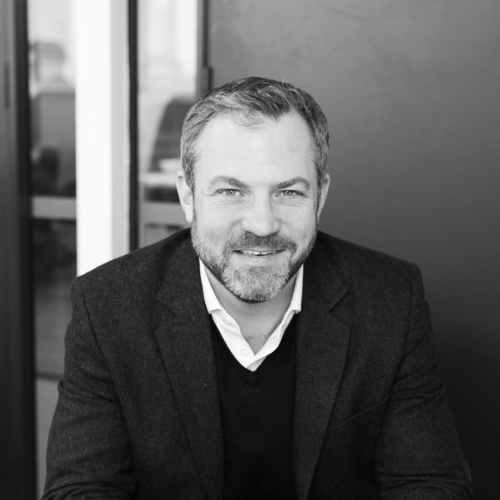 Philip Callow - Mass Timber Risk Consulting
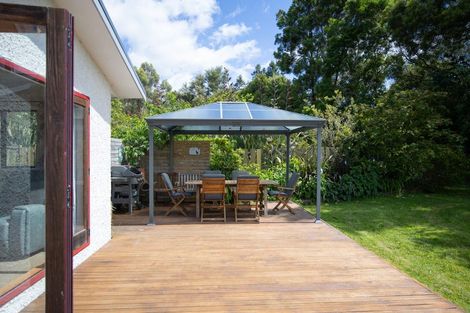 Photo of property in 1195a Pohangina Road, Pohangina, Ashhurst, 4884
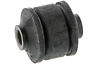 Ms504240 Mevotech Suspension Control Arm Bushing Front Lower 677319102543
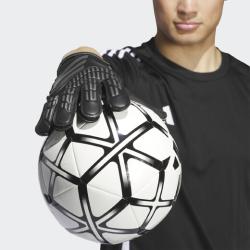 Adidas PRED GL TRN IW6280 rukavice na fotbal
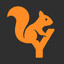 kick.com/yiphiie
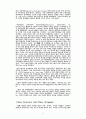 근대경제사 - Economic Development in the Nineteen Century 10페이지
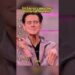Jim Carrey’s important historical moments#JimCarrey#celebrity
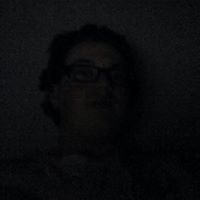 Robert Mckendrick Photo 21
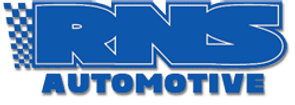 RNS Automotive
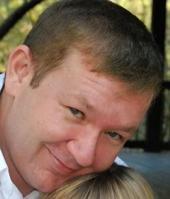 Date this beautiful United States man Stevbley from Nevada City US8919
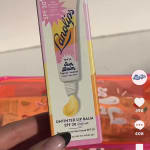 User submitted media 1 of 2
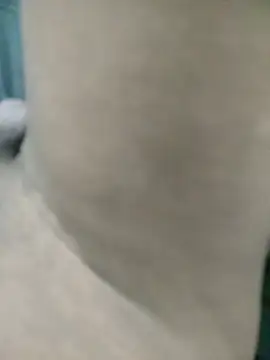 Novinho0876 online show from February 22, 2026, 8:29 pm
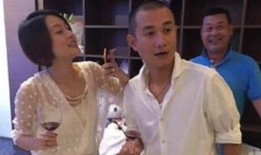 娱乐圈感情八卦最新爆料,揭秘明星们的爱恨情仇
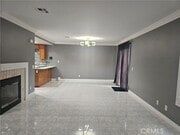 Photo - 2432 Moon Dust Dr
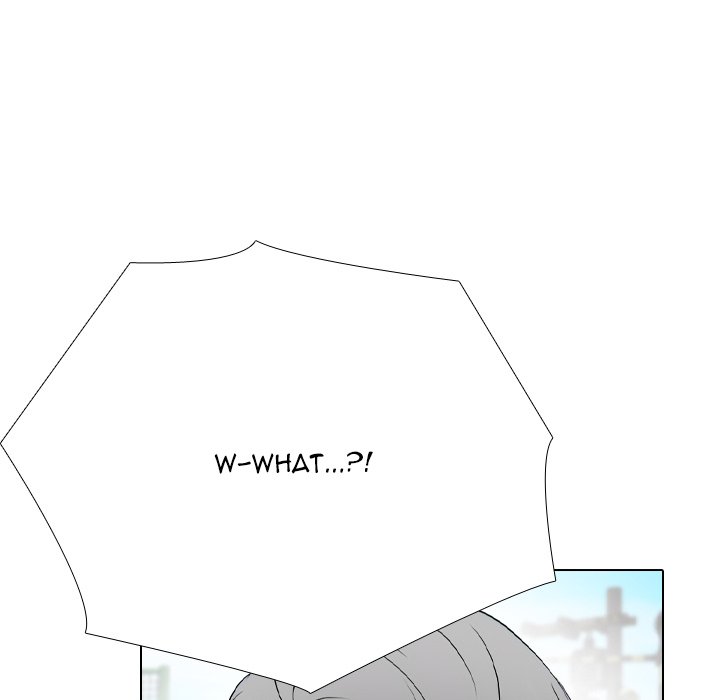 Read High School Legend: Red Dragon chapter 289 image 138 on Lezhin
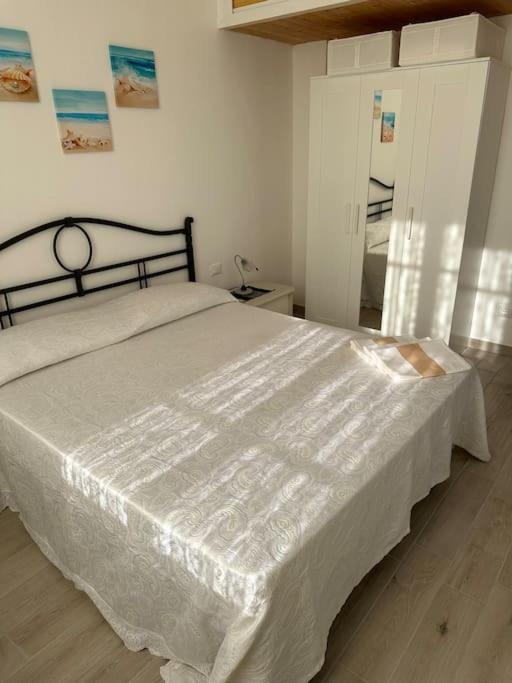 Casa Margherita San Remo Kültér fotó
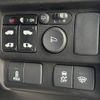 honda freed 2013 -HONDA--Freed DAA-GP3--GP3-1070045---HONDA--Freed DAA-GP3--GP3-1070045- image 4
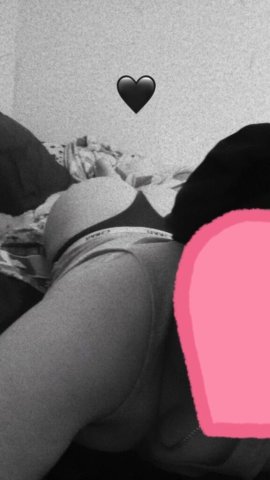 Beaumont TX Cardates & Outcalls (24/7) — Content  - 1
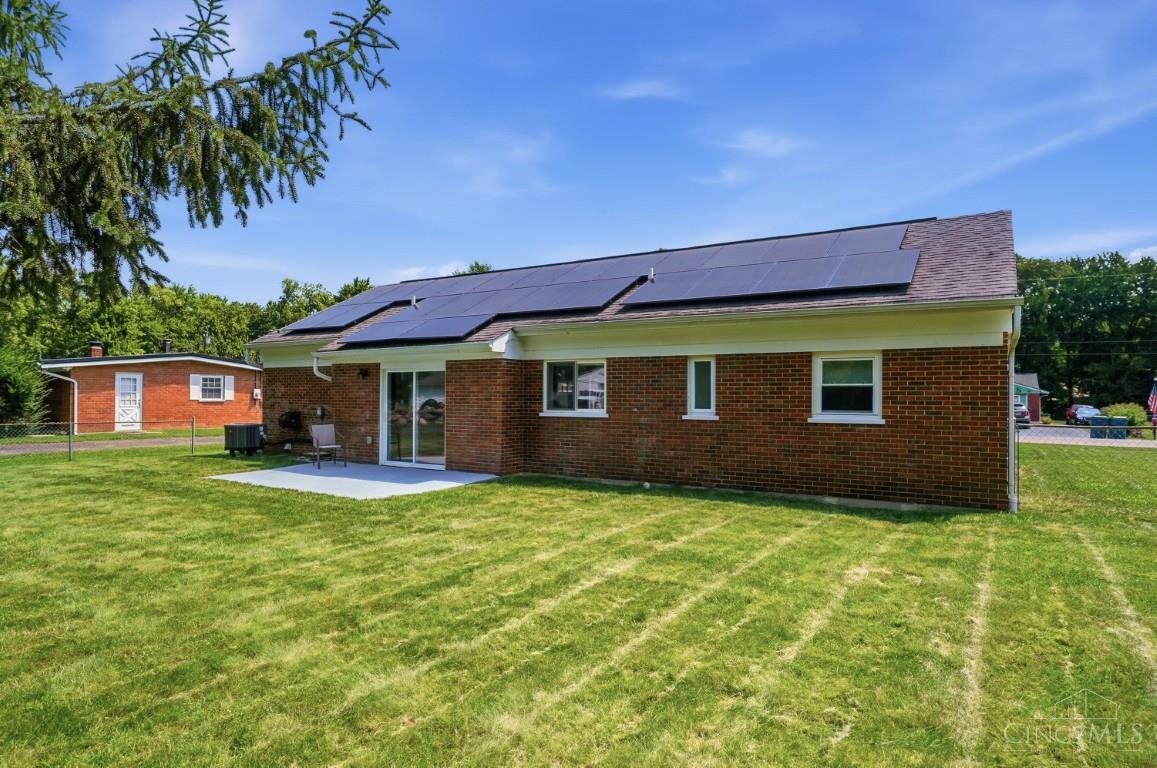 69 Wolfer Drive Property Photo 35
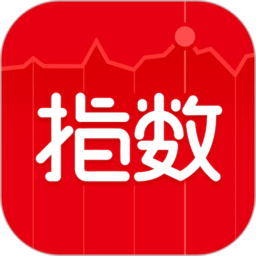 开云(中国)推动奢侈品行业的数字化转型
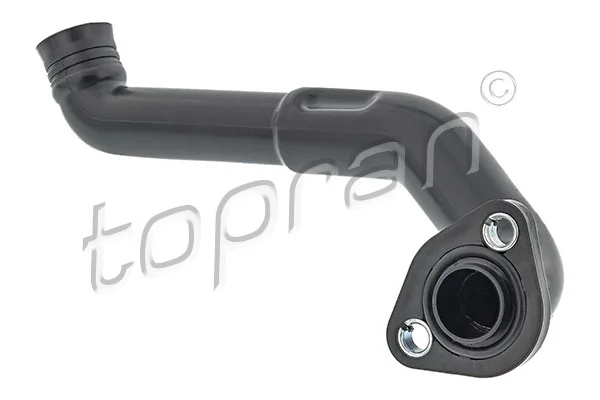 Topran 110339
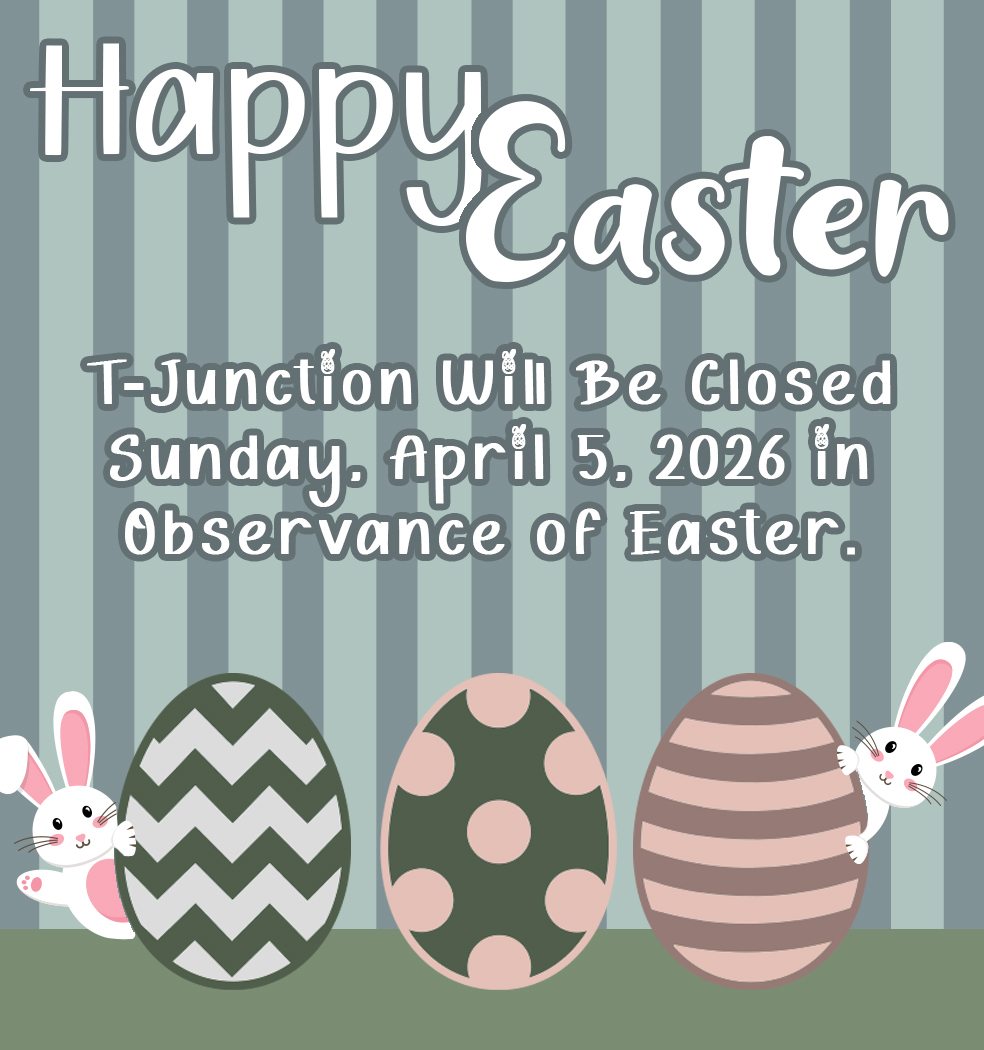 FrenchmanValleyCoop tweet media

--------------------

== WORK ORDER ==
Copy, exactly and exclusively, the lines beginning with the one that contains "RNS Automotive" and ending with the last line of the listing; pictures are to be omitted.

== ANSWER TO THIS PROBLEM ==
 RNS Automotive
 Date this beautiful United States man Stevbley from Nevada City US8919
 User submitted media 1 of 2
 Novinho0876 online show from February 22, 2026, 8:29 pm
 娱乐圈感情八卦最新爆料,揭秘明星们的爱恨情仇
 Photo - 2432 Moon Dust Dr
 Read High School Legend: Red Dragon chapter 289 image 138 on Lezhin
 Casa Margherita San Remo Kültér fotó
 honda freed 2013 -HONDA--Freed DAA-GP3--GP3-1070045---HONDA--Freed DAA-GP3--GP3-1070045- image 4
 Beaumont TX Cardates & Outcalls (24/7) — Content  - 1
 69 Wolfer Drive Property Photo 35
 开云(中国)推动奢侈品行业的数字化转型
 Topran 110339
 FrenchmanValleyCoop tweet media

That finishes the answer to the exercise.